Do we now have to know this every time we want to run e.g. an ELISA aP?

On the aP/script side:
I’ve never written or seen an aP that just ran on PyLabRobot, there are always extra dependencies, e.g. numpy, pandas, opencv, pytorch, scikit-learn/image, sql libraries, …
These extra dependencies need to be correctly installed and their dependency trees have to be carefully managed.
And different aPs have different dependency needs.
Do we expect this dependency management to be redone every time from scratch on every newly installed host PC for every aP?

Both of these considerations, varying host PCs + varying dependencies, are big obstacles for deployment.
But of course, these are not new problems, and as a response containers were invented, with Docker simply being the most popular containerisation solution:
Setup your environment and all dependencies once, package them into a Docker image, and anytime you need to run the application (even if the application is executed only via a single Python file) you simply spin up a Container from your image.
That container recreates your entire OS + environment + dependencies exactly as you’ve set them up… A very elegant solution - but the port access limitation, which is an obstacle for robotics applications (that use port-based machine communication), is a designed isolation feature of Containers :sweat_smile:

Validation files do not address these issues, they are powerful tools afterwards, i.e. they solve the issue of how to validate an aP but they do not help with the setup/deployment of the aP.

Scalability

One example: What if you have multiple workcells (identical or almost identical), and you want to run many different aPs.
But you need to constantly adjust your throughput: simple example: you’re a cloud lab and you’re hired to quickly scale up your diagnostics aP.
Ideally you’d just have one functional diagnostics aP Image ready for this purpose and send it to all available workcells for execution. This β€œmulti-tenancy” deployment would ensure that each workcell performs the same operations in less than an hour, even if the local control PCs for each workcell are completely different OSs, hardware, …

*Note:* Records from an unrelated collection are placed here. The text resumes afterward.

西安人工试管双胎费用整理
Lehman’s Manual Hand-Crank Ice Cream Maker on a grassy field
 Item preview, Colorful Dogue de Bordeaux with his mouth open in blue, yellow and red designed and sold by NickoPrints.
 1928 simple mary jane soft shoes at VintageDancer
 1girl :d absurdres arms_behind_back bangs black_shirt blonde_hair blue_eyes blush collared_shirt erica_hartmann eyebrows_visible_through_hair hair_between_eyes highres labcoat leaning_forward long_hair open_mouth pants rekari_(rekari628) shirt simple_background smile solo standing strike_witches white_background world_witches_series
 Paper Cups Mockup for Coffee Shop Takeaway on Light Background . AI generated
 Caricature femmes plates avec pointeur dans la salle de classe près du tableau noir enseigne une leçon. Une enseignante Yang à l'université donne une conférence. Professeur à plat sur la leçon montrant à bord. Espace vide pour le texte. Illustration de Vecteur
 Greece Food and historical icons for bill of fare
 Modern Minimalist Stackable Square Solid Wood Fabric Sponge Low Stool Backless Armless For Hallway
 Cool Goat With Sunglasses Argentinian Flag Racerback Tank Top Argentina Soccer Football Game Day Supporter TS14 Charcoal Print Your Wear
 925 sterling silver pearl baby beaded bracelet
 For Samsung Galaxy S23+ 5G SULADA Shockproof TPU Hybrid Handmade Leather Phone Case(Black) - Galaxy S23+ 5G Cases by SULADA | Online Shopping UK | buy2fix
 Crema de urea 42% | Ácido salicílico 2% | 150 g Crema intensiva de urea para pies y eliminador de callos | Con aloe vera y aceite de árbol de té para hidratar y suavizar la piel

The alternative would be to install the diagnostics aP virtual environment on each control PC separately (?).
But then you might encounter issues with specific setups which interfere with your new installation and you’d have to spend time to debug why the installation of dependency X worked on workcell 4 but not on workcell 9.

The reason why this matters is because we all want to generate a PLR Protocol Library in which every added aP can be used robustly by anyone with the necessary machines :slight_smile:

We don’t have to find solutions instantly but I’d recommend keeping this in mind during development.